Our second hill to conquer shall involve introducing interactivity to the map.

Callbacks

During a hike to the Aberdares as a teenager, there was a certain hill called “Foot of Despair”. In Dash, creating callbacks can be hell if you don’t fully understand some subtle concepts, but don’t despair. Just as I conquered the “Foot of Despair” with zero hiking skills so you too can conquer this thing!

Firstly, what the heck is a callback?

A callback is simply a function that is passed inside another function. In other words, the function passed inside another serves as the argument of the master function it has been passed into.

In Dash, callbacks are useful in updating the app’s outputs such as a figure when some parts of the input components change.

Without further ado, let’s create our first callback.

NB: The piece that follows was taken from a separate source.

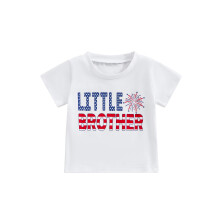 (3-4 Years, Litter Brother) Dětská trička s potiskem 4. července, pro kluky a holky, roztomilá letní trička s krátkým rukávem pro batolata.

As a nota beta, your callback should come after the app.layout section. In brief, the callback should have the Output and Input arguments. One more thing, order matters. The Output refers to what will be the result while the Input refers to the input components that will influence the result (the Output).

# Callbacks section
## Callback for #1 The map layout
@app.callback(
    Output("map-year", "figure"),
    Input("year-slider", "value")
)

You will notice that the Output and Input arguments also contain their own arguments. The first argument, such as map-year in the case of the Output refers to the ID of our Dash component. The keyword for this first argument is component_ID but it's not necessary to put the keyword before the argument. The second argument refers to the property it takes, in this case figure. The keyword for this second argument is component_property but like the first keyword, it is also often omitted. Thus, these are the Output arguments:

Output(component_id=”map_year", component_property="figure”`.

The same rules apply for the Input argument.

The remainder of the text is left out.